(Saved entries)

******************************

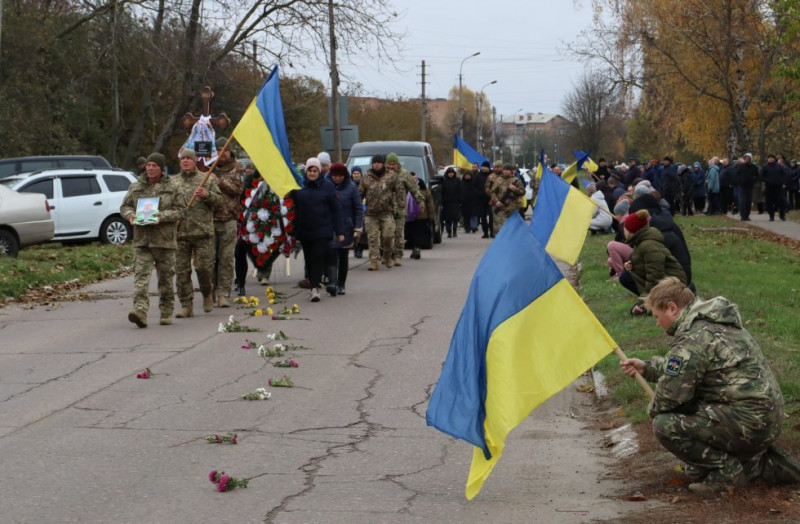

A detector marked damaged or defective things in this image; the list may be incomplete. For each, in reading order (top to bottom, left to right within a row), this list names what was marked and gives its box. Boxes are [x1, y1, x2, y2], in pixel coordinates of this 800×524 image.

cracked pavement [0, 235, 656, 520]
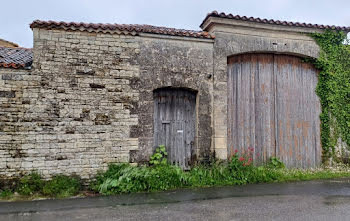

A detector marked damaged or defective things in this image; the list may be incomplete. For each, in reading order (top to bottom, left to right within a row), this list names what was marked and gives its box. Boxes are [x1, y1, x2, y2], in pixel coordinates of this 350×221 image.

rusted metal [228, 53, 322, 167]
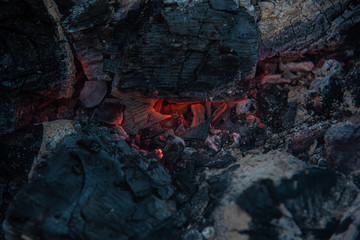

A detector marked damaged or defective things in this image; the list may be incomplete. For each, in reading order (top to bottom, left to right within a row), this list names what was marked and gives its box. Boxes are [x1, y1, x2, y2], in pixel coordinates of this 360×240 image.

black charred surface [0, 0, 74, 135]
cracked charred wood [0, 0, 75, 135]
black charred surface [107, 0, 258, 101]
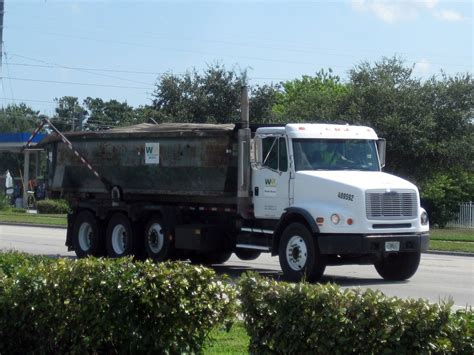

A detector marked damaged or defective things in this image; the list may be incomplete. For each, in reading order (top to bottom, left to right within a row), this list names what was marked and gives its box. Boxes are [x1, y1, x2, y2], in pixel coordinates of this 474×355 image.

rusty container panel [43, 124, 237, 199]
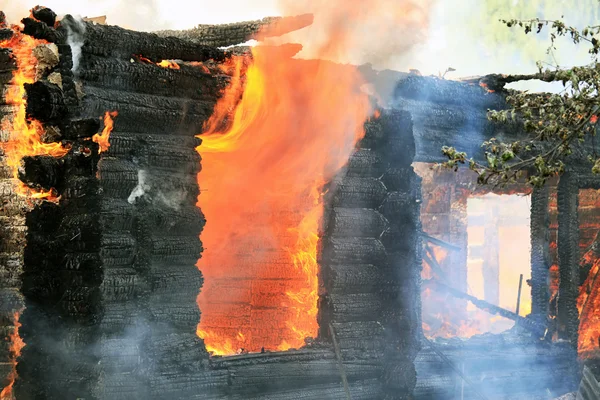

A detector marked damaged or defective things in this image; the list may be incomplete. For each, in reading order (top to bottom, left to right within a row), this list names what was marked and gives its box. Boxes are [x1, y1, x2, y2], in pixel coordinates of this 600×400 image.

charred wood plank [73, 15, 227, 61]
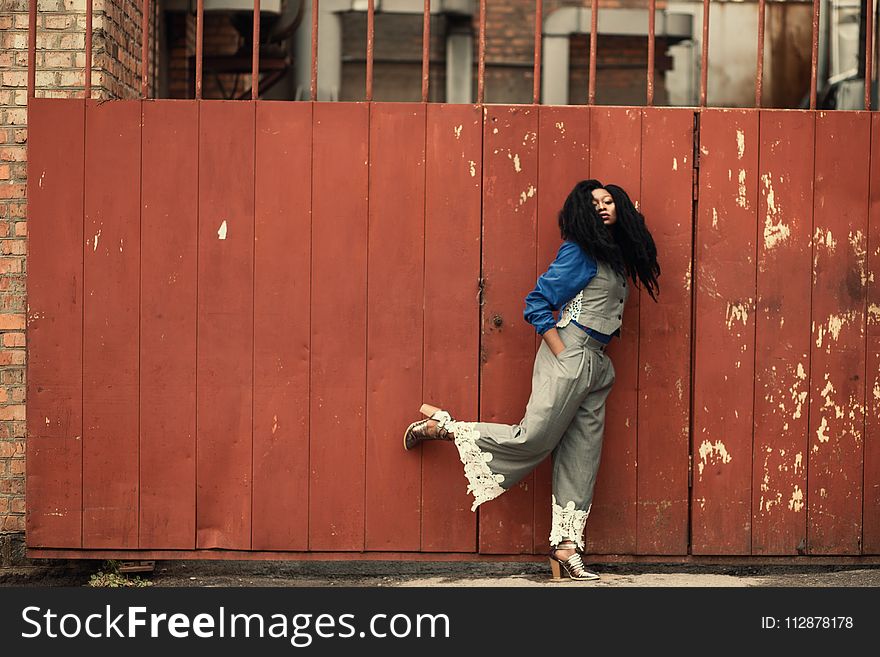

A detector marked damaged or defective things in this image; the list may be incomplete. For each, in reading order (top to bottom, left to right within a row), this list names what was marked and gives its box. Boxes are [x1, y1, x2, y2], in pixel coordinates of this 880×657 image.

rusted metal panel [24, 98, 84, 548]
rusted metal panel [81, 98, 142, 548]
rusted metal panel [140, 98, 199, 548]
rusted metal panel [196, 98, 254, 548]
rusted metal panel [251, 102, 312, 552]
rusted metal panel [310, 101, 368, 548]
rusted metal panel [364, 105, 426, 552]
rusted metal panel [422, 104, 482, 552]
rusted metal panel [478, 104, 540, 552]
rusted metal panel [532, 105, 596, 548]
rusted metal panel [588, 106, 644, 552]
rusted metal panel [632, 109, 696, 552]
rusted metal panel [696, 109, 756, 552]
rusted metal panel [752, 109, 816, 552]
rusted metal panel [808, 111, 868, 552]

******************************

■ Aim of the exercise
Keeping every word as it is, write out all the data and omit the pictures.

■ Solution for this exercise
A detector marked damaged or defective things in this image; the list may be incomplete. For each, in reading order (top to bottom, left to right within a row), this list names what was marked and gives its box. Boxes are [x1, y1, x2, y2], in pixel coordinates of this 800×524 image.

cracked pavement [0, 235, 656, 520]

A detector marked damaged or defective things in this image; the list may be incomplete. For each, in reading order (top to bottom, left to right within a row), this list names what was marked and gives its box. Boxes are [x1, y1, x2, y2], in pixel coordinates of this 350×221 image.

rusted metal [228, 53, 322, 167]

A detector marked damaged or defective things in this image; the list may be incomplete. For each, in reading order (top to bottom, left to right within a row), this list names what was marked and gives its box. Boxes are [x1, y1, x2, y2], in pixel coordinates of this 360×240 image.

black charred surface [0, 0, 74, 135]
cracked charred wood [0, 0, 75, 135]
black charred surface [107, 0, 258, 101]

A detector marked damaged or defective things in this image; the list may be incomplete. For each, in reading order (top to bottom, left to right within a row), this list names what was marked and gives its box. Boxes are [x1, y1, x2, y2], in pixel coordinates of this 474×355 image.

rusty container panel [43, 124, 237, 199]

A detector marked damaged or defective things in this image; the list may be incomplete. For each, in reading order (top to bottom, left to right within a row), this list names what was marked and gives its box. Boxes are [x1, y1, x2, y2], in pixel coordinates of this 600×400 image.

charred wood plank [73, 15, 227, 61]

A detector marked damaged or defective things in this image; the list may be incomplete. For each, in reading order (top to bottom, left to right within a row), this list names what was marked and gives its box. Boxes are [x1, y1, x2, y2], in pixel coordinates of this 880×657 image.

rusted metal panel [24, 98, 84, 548]
rusted metal panel [81, 98, 142, 548]
rusted metal panel [140, 98, 199, 548]
rusted metal panel [196, 98, 254, 548]
rusted metal panel [251, 102, 312, 552]
rusted metal panel [310, 101, 368, 548]
rusted metal panel [364, 105, 426, 552]
rusted metal panel [422, 104, 482, 552]
rusted metal panel [478, 104, 540, 552]
rusted metal panel [532, 105, 596, 548]
rusted metal panel [588, 106, 644, 552]
rusted metal panel [632, 109, 696, 552]
rusted metal panel [696, 109, 756, 552]
rusted metal panel [752, 109, 816, 552]
rusted metal panel [808, 111, 868, 552]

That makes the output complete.